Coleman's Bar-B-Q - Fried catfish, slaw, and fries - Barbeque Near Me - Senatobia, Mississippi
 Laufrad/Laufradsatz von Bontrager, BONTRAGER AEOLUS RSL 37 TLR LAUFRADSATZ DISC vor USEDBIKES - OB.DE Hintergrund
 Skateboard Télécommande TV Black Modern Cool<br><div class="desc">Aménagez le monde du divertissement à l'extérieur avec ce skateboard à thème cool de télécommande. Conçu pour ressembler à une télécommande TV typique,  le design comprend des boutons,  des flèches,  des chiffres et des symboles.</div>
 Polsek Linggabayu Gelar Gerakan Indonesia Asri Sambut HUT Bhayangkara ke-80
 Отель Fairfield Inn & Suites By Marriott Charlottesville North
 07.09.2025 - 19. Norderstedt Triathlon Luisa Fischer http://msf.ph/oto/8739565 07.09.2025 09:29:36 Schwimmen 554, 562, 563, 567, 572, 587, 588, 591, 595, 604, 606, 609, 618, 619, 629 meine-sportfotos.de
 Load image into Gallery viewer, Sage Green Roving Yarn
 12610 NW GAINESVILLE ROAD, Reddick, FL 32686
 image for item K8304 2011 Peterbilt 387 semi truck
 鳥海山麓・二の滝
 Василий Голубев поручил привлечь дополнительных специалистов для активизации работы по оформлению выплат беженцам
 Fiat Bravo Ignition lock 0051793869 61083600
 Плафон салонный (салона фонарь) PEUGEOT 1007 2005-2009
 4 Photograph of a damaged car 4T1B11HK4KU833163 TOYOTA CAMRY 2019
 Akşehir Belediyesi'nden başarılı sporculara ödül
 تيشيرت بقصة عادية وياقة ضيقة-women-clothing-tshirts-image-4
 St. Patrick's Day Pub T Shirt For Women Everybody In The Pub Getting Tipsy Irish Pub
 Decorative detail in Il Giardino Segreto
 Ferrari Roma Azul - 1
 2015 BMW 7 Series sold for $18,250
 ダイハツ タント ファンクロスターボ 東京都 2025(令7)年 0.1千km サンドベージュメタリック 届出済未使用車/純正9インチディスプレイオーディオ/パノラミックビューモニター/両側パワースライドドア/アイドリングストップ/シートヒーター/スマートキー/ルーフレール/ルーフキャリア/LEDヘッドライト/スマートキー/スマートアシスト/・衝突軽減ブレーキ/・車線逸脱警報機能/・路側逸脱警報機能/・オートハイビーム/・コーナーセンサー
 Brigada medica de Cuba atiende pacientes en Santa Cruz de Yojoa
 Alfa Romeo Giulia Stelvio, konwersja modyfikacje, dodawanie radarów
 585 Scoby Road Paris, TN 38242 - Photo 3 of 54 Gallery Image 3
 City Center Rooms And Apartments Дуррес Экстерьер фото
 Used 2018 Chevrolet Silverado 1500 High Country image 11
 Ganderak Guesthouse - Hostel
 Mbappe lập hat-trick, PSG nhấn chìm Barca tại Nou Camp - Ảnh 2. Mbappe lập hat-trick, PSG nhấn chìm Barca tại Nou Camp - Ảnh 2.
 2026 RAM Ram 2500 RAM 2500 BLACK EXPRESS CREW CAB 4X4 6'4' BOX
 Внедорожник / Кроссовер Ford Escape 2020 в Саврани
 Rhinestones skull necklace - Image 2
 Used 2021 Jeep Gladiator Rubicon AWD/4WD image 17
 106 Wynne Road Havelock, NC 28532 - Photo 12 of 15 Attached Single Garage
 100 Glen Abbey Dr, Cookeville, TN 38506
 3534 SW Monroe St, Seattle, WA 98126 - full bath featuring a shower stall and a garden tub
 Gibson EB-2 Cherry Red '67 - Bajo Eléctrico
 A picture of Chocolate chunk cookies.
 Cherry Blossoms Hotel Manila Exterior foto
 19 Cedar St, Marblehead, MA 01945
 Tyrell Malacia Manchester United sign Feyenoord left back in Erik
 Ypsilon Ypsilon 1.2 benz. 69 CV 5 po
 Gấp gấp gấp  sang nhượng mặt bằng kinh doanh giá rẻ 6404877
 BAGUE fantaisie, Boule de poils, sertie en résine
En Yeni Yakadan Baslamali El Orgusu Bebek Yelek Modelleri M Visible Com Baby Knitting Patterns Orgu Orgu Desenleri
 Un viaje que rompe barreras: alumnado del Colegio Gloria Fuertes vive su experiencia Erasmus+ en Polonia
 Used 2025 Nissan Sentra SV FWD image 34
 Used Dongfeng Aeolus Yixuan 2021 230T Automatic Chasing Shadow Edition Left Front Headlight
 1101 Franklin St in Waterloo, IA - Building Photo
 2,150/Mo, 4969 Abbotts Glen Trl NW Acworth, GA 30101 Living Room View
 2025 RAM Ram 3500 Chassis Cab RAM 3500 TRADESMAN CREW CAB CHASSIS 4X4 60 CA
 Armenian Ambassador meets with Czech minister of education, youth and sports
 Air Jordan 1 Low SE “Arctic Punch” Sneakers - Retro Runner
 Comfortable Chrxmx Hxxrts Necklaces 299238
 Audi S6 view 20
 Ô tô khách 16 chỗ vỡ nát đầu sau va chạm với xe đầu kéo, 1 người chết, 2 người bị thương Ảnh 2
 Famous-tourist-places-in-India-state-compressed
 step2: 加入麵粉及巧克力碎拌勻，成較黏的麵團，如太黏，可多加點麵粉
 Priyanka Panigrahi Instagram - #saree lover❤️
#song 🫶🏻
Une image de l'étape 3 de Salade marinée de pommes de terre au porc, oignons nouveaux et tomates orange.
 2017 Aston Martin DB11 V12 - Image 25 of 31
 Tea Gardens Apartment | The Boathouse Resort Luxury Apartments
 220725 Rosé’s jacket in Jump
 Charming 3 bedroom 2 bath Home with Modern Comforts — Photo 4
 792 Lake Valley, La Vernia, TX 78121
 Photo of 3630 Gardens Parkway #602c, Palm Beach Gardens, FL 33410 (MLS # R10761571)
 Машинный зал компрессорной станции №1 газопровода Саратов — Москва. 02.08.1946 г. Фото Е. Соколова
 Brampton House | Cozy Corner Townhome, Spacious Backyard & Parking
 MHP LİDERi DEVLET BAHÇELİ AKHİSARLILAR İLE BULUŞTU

-------

◆ TASK PROMPT: Send back every entry precisely as given.

◆ EXERCISE RESPONSE:
Coleman's Bar-B-Q - Fried catfish, slaw, and fries - Barbeque Near Me - Senatobia, Mississippi
 Laufrad/Laufradsatz von Bontrager, BONTRAGER AEOLUS RSL 37 TLR LAUFRADSATZ DISC vor USEDBIKES - OB.DE Hintergrund
 Skateboard Télécommande TV Black Modern Cool<br><div class="desc">Aménagez le monde du divertissement à l'extérieur avec ce skateboard à thème cool de télécommande. Conçu pour ressembler à une télécommande TV typique,  le design comprend des boutons,  des flèches,  des chiffres et des symboles.</div>
 Polsek Linggabayu Gelar Gerakan Indonesia Asri Sambut HUT Bhayangkara ke-80
 Отель Fairfield Inn & Suites By Marriott Charlottesville North
 07.09.2025 - 19. Norderstedt Triathlon Luisa Fischer http://msf.ph/oto/8739565 07.09.2025 09:29:36 Schwimmen 554, 562, 563, 567, 572, 587, 588, 591, 595, 604, 606, 609, 618, 619, 629 meine-sportfotos.de
 Load image into Gallery viewer, Sage Green Roving Yarn
 12610 NW GAINESVILLE ROAD, Reddick, FL 32686
 image for item K8304 2011 Peterbilt 387 semi truck
 鳥海山麓・二の滝
 Василий Голубев поручил привлечь дополнительных специалистов для активизации работы по оформлению выплат беженцам
 Fiat Bravo Ignition lock 0051793869 61083600
 Плафон салонный (салона фонарь) PEUGEOT 1007 2005-2009
 4 Photograph of a damaged car 4T1B11HK4KU833163 TOYOTA CAMRY 2019
 Akşehir Belediyesi'nden başarılı sporculara ödül
 تيشيرت بقصة عادية وياقة ضيقة-women-clothing-tshirts-image-4
 St. Patrick's Day Pub T Shirt For Women Everybody In The Pub Getting Tipsy Irish Pub
 Decorative detail in Il Giardino Segreto
 Ferrari Roma Azul - 1
 2015 BMW 7 Series sold for $18,250
 ダイハツ タント ファンクロスターボ 東京都 2025(令7)年 0.1千km サンドベージュメタリック 届出済未使用車/純正9インチディスプレイオーディオ/パノラミックビューモニター/両側パワースライドドア/アイドリングストップ/シートヒーター/スマートキー/ルーフレール/ルーフキャリア/LEDヘッドライト/スマートキー/スマートアシスト/・衝突軽減ブレーキ/・車線逸脱警報機能/・路側逸脱警報機能/・オートハイビーム/・コーナーセンサー
 Brigada medica de Cuba atiende pacientes en Santa Cruz de Yojoa
 Alfa Romeo Giulia Stelvio, konwersja modyfikacje, dodawanie radarów
 585 Scoby Road Paris, TN 38242 - Photo 3 of 54 Gallery Image 3
 City Center Rooms And Apartments Дуррес Экстерьер фото
 Used 2018 Chevrolet Silverado 1500 High Country image 11
 Ganderak Guesthouse - Hostel
 Mbappe lập hat-trick, PSG nhấn chìm Barca tại Nou Camp - Ảnh 2. Mbappe lập hat-trick, PSG nhấn chìm Barca tại Nou Camp - Ảnh 2.
 2026 RAM Ram 2500 RAM 2500 BLACK EXPRESS CREW CAB 4X4 6'4' BOX
 Внедорожник / Кроссовер Ford Escape 2020 в Саврани
 Rhinestones skull necklace - Image 2
 Used 2021 Jeep Gladiator Rubicon AWD/4WD image 17
 106 Wynne Road Havelock, NC 28532 - Photo 12 of 15 Attached Single Garage
 100 Glen Abbey Dr, Cookeville, TN 38506
 3534 SW Monroe St, Seattle, WA 98126 - full bath featuring a shower stall and a garden tub
 Gibson EB-2 Cherry Red '67 - Bajo Eléctrico
 A picture of Chocolate chunk cookies.
 Cherry Blossoms Hotel Manila Exterior foto
 19 Cedar St, Marblehead, MA 01945
 Tyrell Malacia Manchester United sign Feyenoord left back in Erik
 Ypsilon Ypsilon 1.2 benz. 69 CV 5 po
 Gấp gấp gấp  sang nhượng mặt bằng kinh doanh giá rẻ 6404877
 BAGUE fantaisie, Boule de poils, sertie en résine
En Yeni Yakadan Baslamali El Orgusu Bebek Yelek Modelleri M Visible Com Baby Knitting Patterns Orgu Orgu Desenleri
 Un viaje que rompe barreras: alumnado del Colegio Gloria Fuertes vive su experiencia Erasmus+ en Polonia
 Used 2025 Nissan Sentra SV FWD image 34
 Used Dongfeng Aeolus Yixuan 2021 230T Automatic Chasing Shadow Edition Left Front Headlight
 1101 Franklin St in Waterloo, IA - Building Photo
 2,150/Mo, 4969 Abbotts Glen Trl NW Acworth, GA 30101 Living Room View
 2025 RAM Ram 3500 Chassis Cab RAM 3500 TRADESMAN CREW CAB CHASSIS 4X4 60 CA
 Armenian Ambassador meets with Czech minister of education, youth and sports
 Air Jordan 1 Low SE “Arctic Punch” Sneakers - Retro Runner
 Comfortable Chrxmx Hxxrts Necklaces 299238
 Audi S6 view 20
 Ô tô khách 16 chỗ vỡ nát đầu sau va chạm với xe đầu kéo, 1 người chết, 2 người bị thương Ảnh 2
 Famous-tourist-places-in-India-state-compressed
 step2: 加入麵粉及巧克力碎拌勻，成較黏的麵團，如太黏，可多加點麵粉
 Priyanka Panigrahi Instagram - #saree lover❤️
#song 🫶🏻
Une image de l'étape 3 de Salade marinée de pommes de terre au porc, oignons nouveaux et tomates orange.
 2017 Aston Martin DB11 V12 - Image 25 of 31
 Tea Gardens Apartment | The Boathouse Resort Luxury Apartments
 220725 Rosé’s jacket in Jump
 Charming 3 bedroom 2 bath Home with Modern Comforts — Photo 4
 792 Lake Valley, La Vernia, TX 78121
 Photo of 3630 Gardens Parkway #602c, Palm Beach Gardens, FL 33410 (MLS # R10761571)
 Машинный зал компрессорной станции №1 газопровода Саратов — Москва. 02.08.1946 г. Фото Е. Соколова
 Brampton House | Cozy Corner Townhome, Spacious Backyard & Parking
 MHP LİDERi DEVLET BAHÇELİ AKHİSARLILAR İLE BULUŞTU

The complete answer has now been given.